Captioned web images
◆ ◆ ◆ ◆ ◆
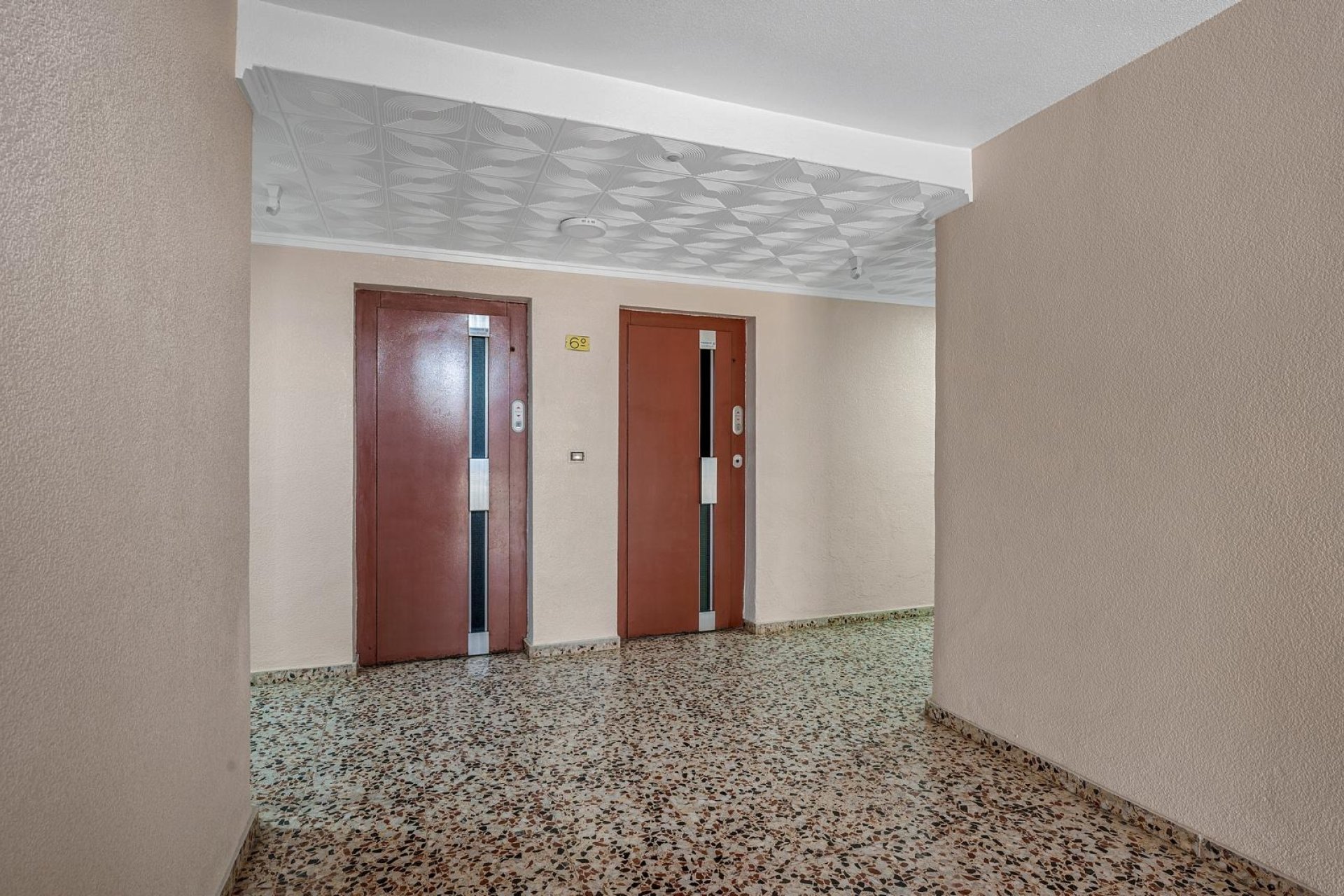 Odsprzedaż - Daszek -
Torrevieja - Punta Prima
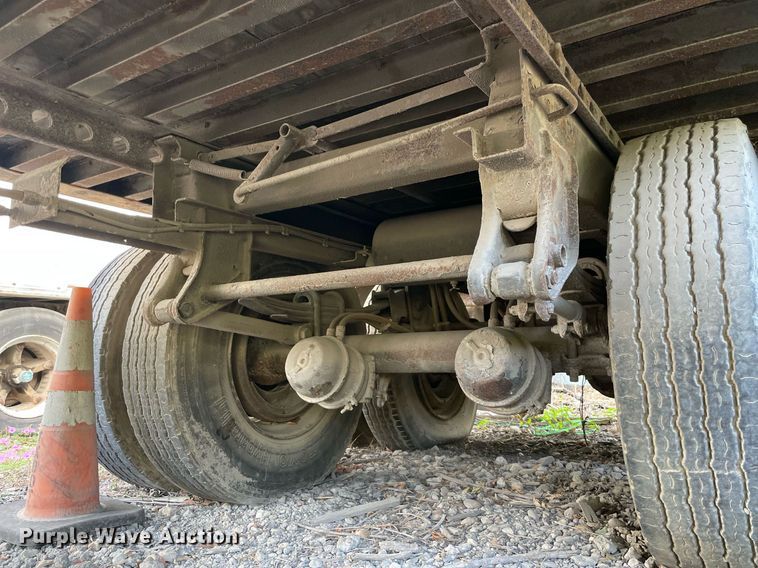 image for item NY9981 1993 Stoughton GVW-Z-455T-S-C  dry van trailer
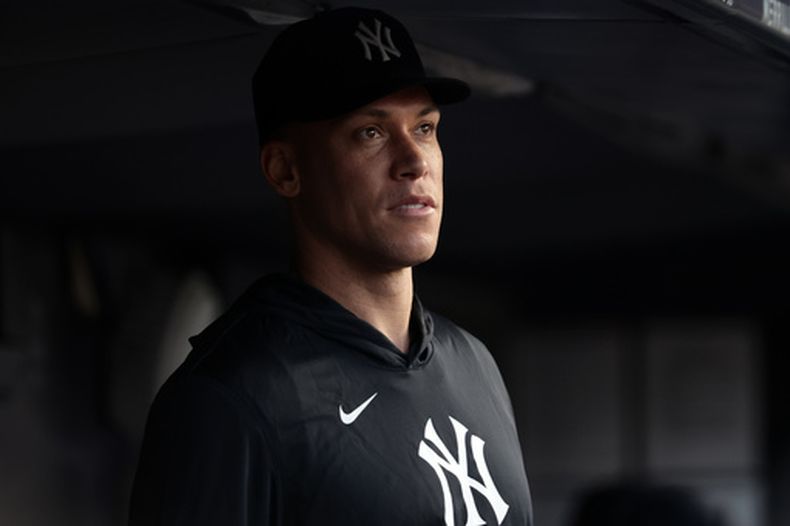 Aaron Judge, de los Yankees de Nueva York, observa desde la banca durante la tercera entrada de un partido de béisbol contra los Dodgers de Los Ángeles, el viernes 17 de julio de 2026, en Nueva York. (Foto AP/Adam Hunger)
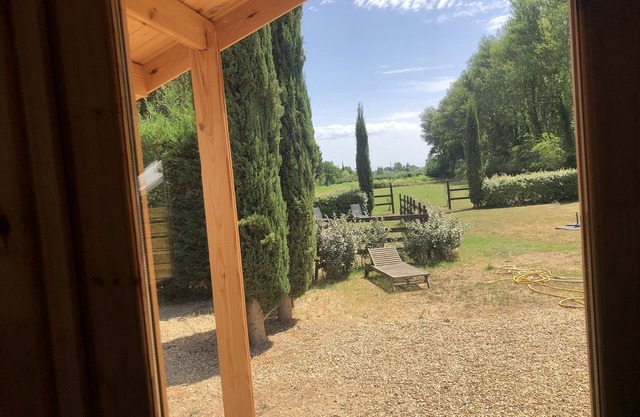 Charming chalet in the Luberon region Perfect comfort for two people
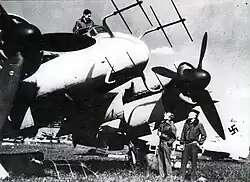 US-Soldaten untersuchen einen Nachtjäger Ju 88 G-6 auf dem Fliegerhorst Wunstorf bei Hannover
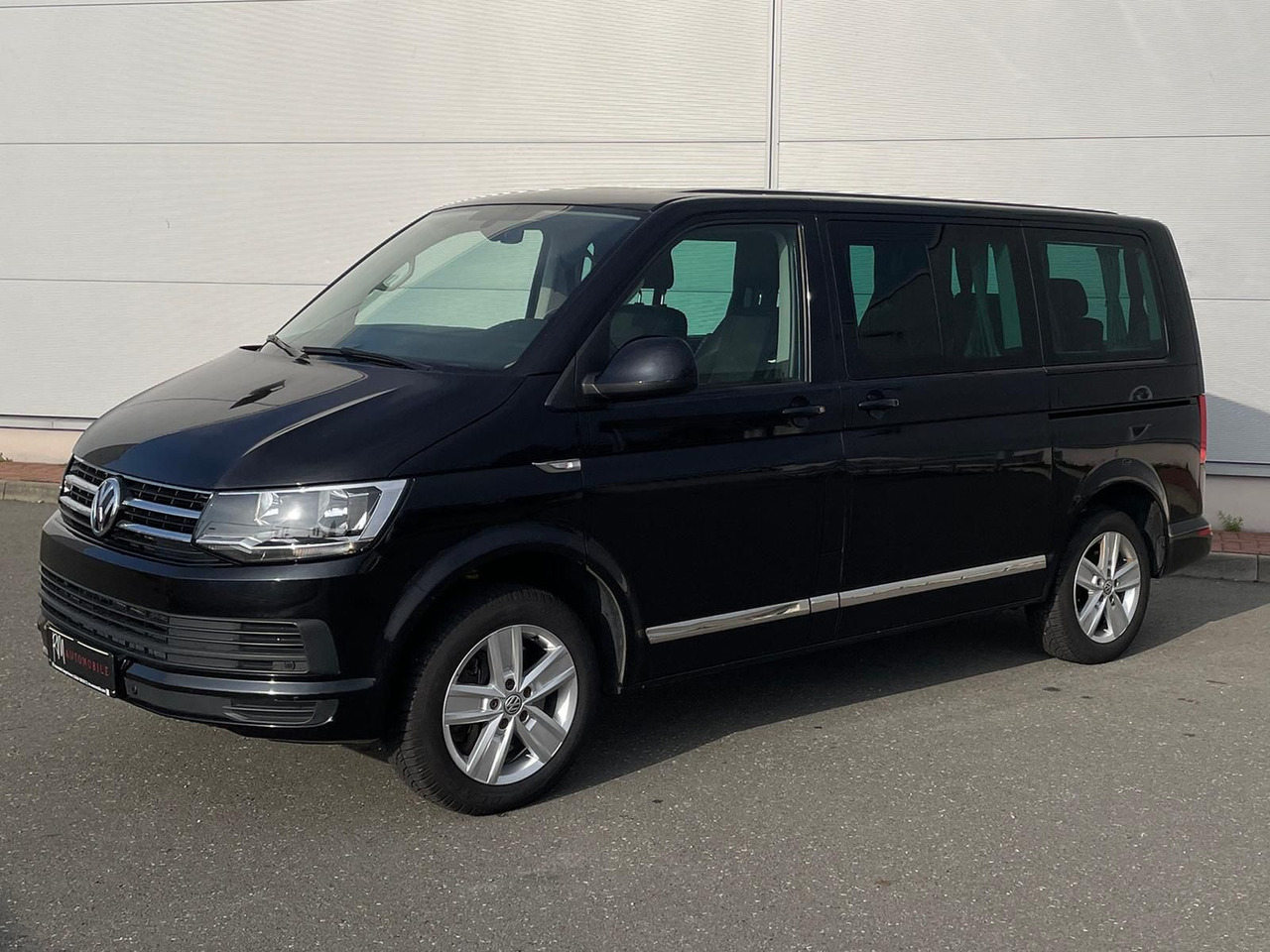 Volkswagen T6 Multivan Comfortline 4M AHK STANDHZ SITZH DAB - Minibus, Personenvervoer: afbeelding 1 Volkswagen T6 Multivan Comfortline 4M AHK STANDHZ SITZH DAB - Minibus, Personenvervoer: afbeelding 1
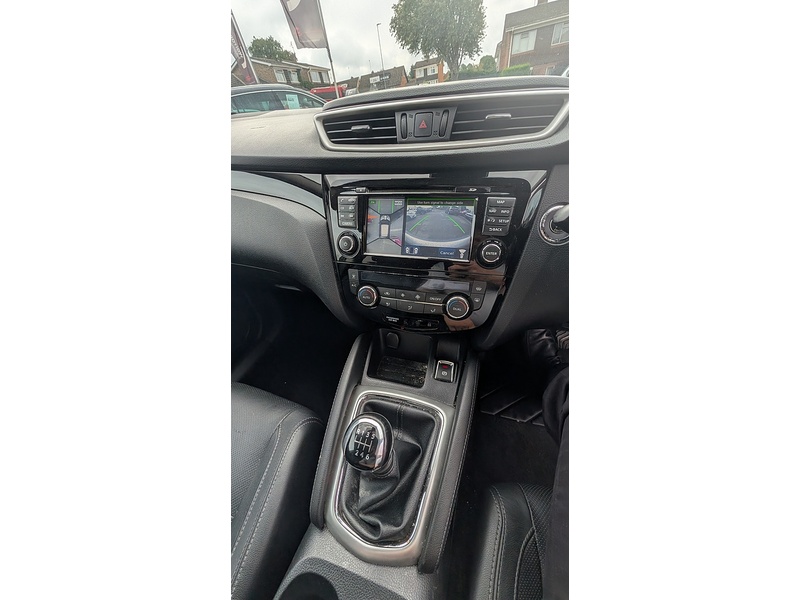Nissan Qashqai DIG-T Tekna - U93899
◆ ◆ ◆ ◆ ◆
▸ YOUR INSTRUCTIONS: Copy exactly, and copy nothing else: the lines from the one containing "Torrevieja - Punta Prima" through the end of the data, both ends included, with pictures left out.

▸ ANSWER TO THIS TASK:
Torrevieja - Punta Prima
 image for item NY9981 1993 Stoughton GVW-Z-455T-S-C  dry van trailer
 Aaron Judge, de los Yankees de Nueva York, observa desde la banca durante la tercera entrada de un partido de béisbol contra los Dodgers de Los Ángeles, el viernes 17 de julio de 2026, en Nueva York. (Foto AP/Adam Hunger)
 Charming chalet in the Luberon region Perfect comfort for two people
 US-Soldaten untersuchen einen Nachtjäger Ju 88 G-6 auf dem Fliegerhorst Wunstorf bei Hannover
 Volkswagen T6 Multivan Comfortline 4M AHK STANDHZ SITZH DAB - Minibus, Personenvervoer: afbeelding 1 Volkswagen T6 Multivan Comfortline 4M AHK STANDHZ SITZH DAB - Minibus, Personenvervoer: afbeelding 1
Nissan Qashqai DIG-T Tekna - U93899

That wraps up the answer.